• Exercise:
Could you retype exactly the line containing "Материнская плата ASUS" and every line after it in the data below, leaving out the pictures?

• Records to process:

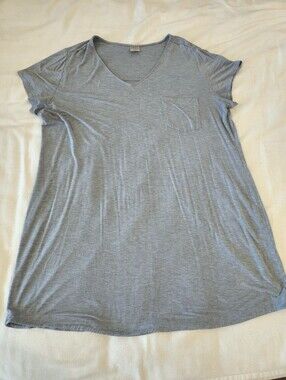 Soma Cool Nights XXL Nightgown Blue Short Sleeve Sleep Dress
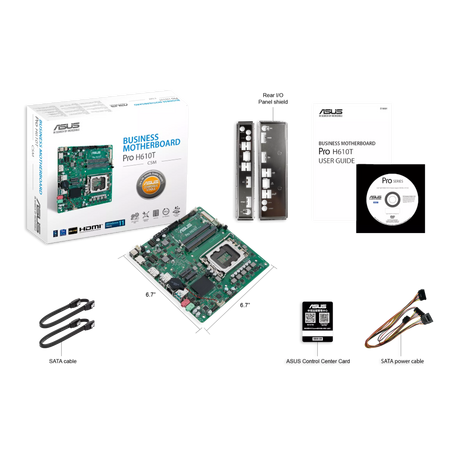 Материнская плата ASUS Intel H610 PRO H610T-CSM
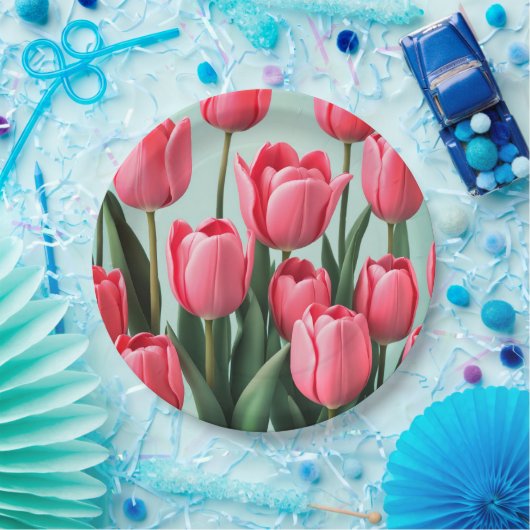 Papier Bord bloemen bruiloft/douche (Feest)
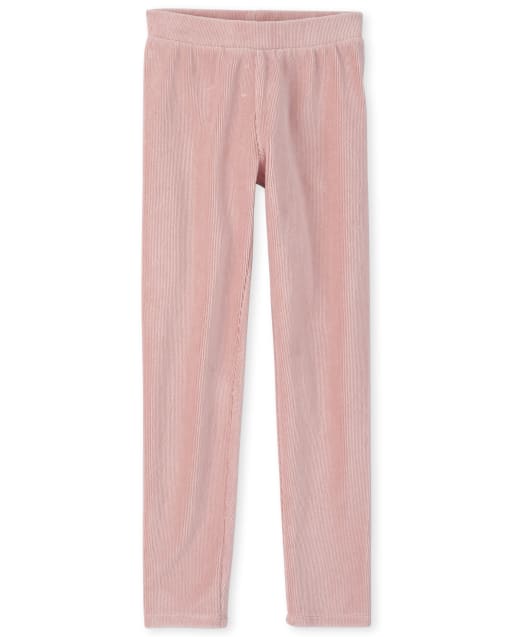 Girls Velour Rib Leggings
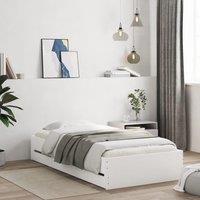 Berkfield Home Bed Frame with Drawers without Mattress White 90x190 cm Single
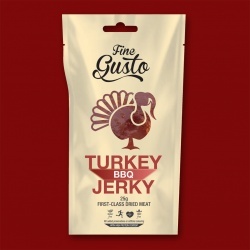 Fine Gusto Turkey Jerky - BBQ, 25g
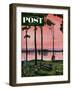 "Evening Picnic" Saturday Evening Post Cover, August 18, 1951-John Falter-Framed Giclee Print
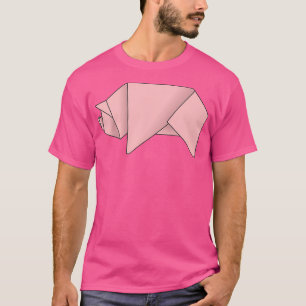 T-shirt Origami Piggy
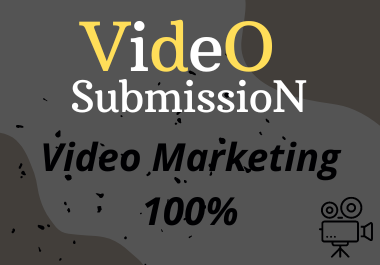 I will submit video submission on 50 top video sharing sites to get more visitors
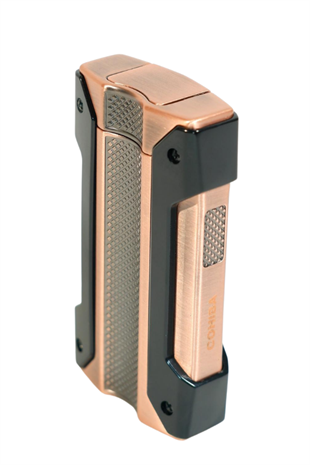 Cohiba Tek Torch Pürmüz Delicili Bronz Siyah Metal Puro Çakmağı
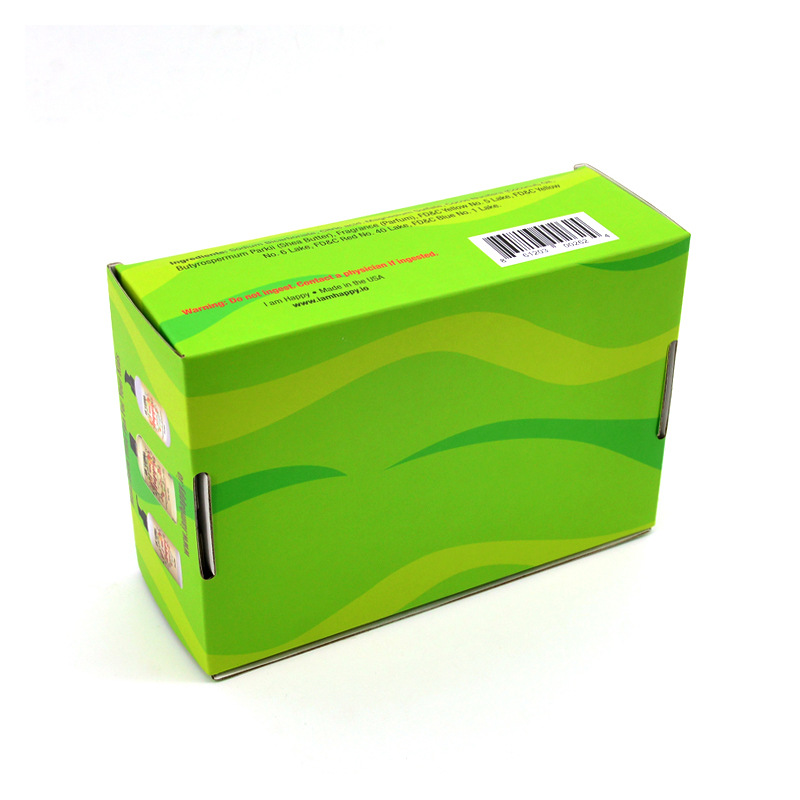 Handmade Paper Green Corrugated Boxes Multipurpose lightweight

• Completed exercise:
 Материнская плата ASUS Intel H610 PRO H610T-CSM
 Papier Bord bloemen bruiloft/douche (Feest)
 Girls Velour Rib Leggings
 Berkfield Home Bed Frame with Drawers without Mattress White 90x190 cm Single
 Fine Gusto Turkey Jerky - BBQ, 25g
 "Evening Picnic" Saturday Evening Post Cover, August 18, 1951-John Falter-Framed Giclee Print
 T-shirt Origami Piggy
 I will submit video submission on 50 top video sharing sites to get more visitors
 Cohiba Tek Torch Pürmüz Delicili Bronz Siyah Metal Puro Çakmağı
 Handmade Paper Green Corrugated Boxes Multipurpose lightweight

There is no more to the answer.